--- START ---
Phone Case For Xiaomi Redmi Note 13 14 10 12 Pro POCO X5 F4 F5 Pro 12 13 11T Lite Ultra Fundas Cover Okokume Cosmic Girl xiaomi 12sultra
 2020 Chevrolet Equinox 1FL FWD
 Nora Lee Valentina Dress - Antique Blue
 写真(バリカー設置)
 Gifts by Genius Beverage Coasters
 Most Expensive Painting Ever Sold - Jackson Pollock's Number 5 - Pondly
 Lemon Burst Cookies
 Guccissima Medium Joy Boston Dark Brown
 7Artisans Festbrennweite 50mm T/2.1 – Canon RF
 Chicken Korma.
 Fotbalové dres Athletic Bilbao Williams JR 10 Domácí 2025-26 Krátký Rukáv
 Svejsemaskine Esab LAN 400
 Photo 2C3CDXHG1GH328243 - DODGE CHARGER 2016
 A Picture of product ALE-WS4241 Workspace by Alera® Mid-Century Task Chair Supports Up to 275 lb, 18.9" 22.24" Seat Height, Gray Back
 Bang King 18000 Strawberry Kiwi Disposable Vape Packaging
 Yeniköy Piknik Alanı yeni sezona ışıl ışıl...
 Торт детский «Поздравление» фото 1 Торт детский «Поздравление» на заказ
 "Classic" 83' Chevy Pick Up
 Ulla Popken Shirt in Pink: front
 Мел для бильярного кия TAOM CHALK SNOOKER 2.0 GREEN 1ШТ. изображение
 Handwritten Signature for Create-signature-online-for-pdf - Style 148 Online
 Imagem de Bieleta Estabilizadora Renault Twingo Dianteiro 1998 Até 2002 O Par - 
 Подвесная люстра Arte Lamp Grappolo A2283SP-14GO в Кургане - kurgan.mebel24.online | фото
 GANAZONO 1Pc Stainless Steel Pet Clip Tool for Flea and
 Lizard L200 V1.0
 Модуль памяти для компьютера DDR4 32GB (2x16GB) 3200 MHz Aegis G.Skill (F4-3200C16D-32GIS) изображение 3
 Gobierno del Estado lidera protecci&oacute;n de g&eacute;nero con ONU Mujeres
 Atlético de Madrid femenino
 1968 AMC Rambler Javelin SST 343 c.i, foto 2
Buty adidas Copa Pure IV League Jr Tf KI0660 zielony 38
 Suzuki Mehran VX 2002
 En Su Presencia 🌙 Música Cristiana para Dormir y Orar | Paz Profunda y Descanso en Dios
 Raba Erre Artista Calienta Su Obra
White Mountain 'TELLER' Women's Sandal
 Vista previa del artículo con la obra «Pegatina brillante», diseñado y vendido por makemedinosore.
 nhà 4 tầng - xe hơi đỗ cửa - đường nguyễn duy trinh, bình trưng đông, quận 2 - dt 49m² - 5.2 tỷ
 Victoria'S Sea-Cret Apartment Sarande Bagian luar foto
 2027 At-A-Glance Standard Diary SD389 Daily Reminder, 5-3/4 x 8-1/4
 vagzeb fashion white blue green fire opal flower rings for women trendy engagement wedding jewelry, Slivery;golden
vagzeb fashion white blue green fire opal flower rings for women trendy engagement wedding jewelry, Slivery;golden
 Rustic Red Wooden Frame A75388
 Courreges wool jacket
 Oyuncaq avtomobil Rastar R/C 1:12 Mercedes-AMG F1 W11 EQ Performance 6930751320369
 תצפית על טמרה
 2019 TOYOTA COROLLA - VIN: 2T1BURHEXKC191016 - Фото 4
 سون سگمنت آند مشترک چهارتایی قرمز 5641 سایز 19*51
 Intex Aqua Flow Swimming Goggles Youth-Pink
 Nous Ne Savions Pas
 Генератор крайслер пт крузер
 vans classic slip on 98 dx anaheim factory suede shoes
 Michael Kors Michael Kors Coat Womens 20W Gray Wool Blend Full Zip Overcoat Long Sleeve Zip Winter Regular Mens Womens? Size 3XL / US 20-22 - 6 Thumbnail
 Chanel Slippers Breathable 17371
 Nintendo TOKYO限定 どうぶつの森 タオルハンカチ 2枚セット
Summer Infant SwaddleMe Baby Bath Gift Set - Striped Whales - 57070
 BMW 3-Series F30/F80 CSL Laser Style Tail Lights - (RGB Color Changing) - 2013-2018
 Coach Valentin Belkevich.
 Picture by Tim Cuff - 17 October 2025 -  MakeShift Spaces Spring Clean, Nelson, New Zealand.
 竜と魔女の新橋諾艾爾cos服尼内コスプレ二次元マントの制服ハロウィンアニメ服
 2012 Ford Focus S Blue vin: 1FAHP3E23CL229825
--- END ---
> Task goal
Repeat exactly the lines from the one containing "1968 AMC Rambler Javelin SST 343 c.i, foto 2" to the end of the records.

> Response
 1968 AMC Rambler Javelin SST 343 c.i, foto 2
Buty adidas Copa Pure IV League Jr Tf KI0660 zielony 38
 Suzuki Mehran VX 2002
 En Su Presencia 🌙 Música Cristiana para Dormir y Orar | Paz Profunda y Descanso en Dios
 Raba Erre Artista Calienta Su Obra
White Mountain 'TELLER' Women's Sandal
 Vista previa del artículo con la obra «Pegatina brillante», diseñado y vendido por makemedinosore.
 nhà 4 tầng - xe hơi đỗ cửa - đường nguyễn duy trinh, bình trưng đông, quận 2 - dt 49m² - 5.2 tỷ
 Victoria'S Sea-Cret Apartment Sarande Bagian luar foto
 2027 At-A-Glance Standard Diary SD389 Daily Reminder, 5-3/4 x 8-1/4
 vagzeb fashion white blue green fire opal flower rings for women trendy engagement wedding jewelry, Slivery;golden
vagzeb fashion white blue green fire opal flower rings for women trendy engagement wedding jewelry, Slivery;golden
 Rustic Red Wooden Frame A75388
 Courreges wool jacket
 Oyuncaq avtomobil Rastar R/C 1:12 Mercedes-AMG F1 W11 EQ Performance 6930751320369
 תצפית על טמרה
 2019 TOYOTA COROLLA - VIN: 2T1BURHEXKC191016 - Фото 4
 سون سگمنت آند مشترک چهارتایی قرمز 5641 سایز 19*51
 Intex Aqua Flow Swimming Goggles Youth-Pink
 Nous Ne Savions Pas
 Генератор крайслер пт крузер
 vans classic slip on 98 dx anaheim factory suede shoes
 Michael Kors Michael Kors Coat Womens 20W Gray Wool Blend Full Zip Overcoat Long Sleeve Zip Winter Regular Mens Womens? Size 3XL / US 20-22 - 6 Thumbnail
 Chanel Slippers Breathable 17371
 Nintendo TOKYO限定 どうぶつの森 タオルハンカチ 2枚セット
Summer Infant SwaddleMe Baby Bath Gift Set - Striped Whales - 57070
 BMW 3-Series F30/F80 CSL Laser Style Tail Lights - (RGB Color Changing) - 2013-2018
 Coach Valentin Belkevich.
 Picture by Tim Cuff - 17 October 2025 -  MakeShift Spaces Spring Clean, Nelson, New Zealand.
 竜と魔女の新橋諾艾爾cos服尼内コスプレ二次元マントの制服ハロウィンアニメ服
 2012 Ford Focus S Blue vin: 1FAHP3E23CL229825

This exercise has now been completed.